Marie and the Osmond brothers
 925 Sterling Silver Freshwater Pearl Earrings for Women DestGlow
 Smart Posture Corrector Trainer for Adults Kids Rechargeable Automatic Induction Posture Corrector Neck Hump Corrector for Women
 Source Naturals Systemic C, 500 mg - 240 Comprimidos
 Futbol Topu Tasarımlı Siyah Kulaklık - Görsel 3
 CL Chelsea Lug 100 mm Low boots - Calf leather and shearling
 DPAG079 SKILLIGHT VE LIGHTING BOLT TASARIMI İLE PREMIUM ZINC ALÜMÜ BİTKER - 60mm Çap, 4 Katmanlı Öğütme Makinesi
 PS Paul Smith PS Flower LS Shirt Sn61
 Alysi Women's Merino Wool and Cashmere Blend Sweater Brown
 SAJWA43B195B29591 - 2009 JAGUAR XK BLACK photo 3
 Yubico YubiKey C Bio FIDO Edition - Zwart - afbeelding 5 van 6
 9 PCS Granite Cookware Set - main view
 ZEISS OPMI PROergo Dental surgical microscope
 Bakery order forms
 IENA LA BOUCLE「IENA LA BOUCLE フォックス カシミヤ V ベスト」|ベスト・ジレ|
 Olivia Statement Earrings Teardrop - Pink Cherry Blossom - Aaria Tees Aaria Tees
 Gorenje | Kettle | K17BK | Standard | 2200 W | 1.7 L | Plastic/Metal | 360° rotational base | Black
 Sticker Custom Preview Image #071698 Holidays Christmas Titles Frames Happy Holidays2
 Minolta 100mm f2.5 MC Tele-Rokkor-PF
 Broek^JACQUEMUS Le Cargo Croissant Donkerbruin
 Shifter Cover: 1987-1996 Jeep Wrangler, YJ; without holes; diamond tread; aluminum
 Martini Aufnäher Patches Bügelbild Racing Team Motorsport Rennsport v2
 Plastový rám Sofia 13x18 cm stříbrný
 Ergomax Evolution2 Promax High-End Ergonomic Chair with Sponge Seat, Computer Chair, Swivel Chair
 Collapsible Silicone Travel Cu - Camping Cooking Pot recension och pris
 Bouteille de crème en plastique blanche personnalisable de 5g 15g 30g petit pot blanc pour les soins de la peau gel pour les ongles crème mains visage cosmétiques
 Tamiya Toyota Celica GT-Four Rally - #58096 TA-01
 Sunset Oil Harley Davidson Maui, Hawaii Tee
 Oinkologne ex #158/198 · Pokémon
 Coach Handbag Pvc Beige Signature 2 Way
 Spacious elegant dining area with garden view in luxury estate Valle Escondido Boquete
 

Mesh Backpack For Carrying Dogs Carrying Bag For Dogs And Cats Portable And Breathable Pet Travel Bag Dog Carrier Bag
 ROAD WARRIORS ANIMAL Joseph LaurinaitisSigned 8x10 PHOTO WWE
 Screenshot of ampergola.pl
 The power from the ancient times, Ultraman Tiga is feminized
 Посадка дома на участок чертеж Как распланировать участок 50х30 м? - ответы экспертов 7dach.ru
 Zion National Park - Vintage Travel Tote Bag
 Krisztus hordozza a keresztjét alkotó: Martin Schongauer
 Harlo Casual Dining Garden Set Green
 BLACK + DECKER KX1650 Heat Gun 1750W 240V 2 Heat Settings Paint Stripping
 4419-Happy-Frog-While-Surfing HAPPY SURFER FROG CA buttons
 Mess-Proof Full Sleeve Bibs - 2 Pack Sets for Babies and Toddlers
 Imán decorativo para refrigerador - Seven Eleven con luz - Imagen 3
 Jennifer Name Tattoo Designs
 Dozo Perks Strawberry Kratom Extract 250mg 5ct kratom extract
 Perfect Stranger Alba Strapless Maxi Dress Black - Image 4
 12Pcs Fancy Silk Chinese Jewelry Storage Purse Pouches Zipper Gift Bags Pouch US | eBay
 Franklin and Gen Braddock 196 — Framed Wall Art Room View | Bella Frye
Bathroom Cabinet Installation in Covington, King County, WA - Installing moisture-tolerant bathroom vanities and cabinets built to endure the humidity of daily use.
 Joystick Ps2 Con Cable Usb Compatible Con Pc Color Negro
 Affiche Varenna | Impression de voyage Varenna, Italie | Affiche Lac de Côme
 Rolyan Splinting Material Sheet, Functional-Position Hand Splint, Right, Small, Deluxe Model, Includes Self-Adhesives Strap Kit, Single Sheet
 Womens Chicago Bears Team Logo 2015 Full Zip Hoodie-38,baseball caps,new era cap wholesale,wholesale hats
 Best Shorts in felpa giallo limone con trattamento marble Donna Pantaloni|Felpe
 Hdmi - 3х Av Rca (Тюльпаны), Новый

• **WHAT IS EXPECTED**
Reproduce, word for word and in full, only the lines above that start at the line with "Futbol Topu Tasarımlı" and run through the line with "Collapsible Silicone Travel", both ends included.

• **COMPLETED TASK**
 Futbol Topu Tasarımlı Siyah Kulaklık - Görsel 3
 CL Chelsea Lug 100 mm Low boots - Calf leather and shearling
 DPAG079 SKILLIGHT VE LIGHTING BOLT TASARIMI İLE PREMIUM ZINC ALÜMÜ BİTKER - 60mm Çap, 4 Katmanlı Öğütme Makinesi
 PS Paul Smith PS Flower LS Shirt Sn61
 Alysi Women's Merino Wool and Cashmere Blend Sweater Brown
 SAJWA43B195B29591 - 2009 JAGUAR XK BLACK photo 3
 Yubico YubiKey C Bio FIDO Edition - Zwart - afbeelding 5 van 6
 9 PCS Granite Cookware Set - main view
 ZEISS OPMI PROergo Dental surgical microscope
 Bakery order forms
 IENA LA BOUCLE「IENA LA BOUCLE フォックス カシミヤ V ベスト」|ベスト・ジレ|
 Olivia Statement Earrings Teardrop - Pink Cherry Blossom - Aaria Tees Aaria Tees
 Gorenje | Kettle | K17BK | Standard | 2200 W | 1.7 L | Plastic/Metal | 360° rotational base | Black
 Sticker Custom Preview Image #071698 Holidays Christmas Titles Frames Happy Holidays2
 Minolta 100mm f2.5 MC Tele-Rokkor-PF
 Broek^JACQUEMUS Le Cargo Croissant Donkerbruin
 Shifter Cover: 1987-1996 Jeep Wrangler, YJ; without holes; diamond tread; aluminum
 Martini Aufnäher Patches Bügelbild Racing Team Motorsport Rennsport v2
 Plastový rám Sofia 13x18 cm stříbrný
 Ergomax Evolution2 Promax High-End Ergonomic Chair with Sponge Seat, Computer Chair, Swivel Chair
 Collapsible Silicone Travel Cu - Camping Cooking Pot recension och pris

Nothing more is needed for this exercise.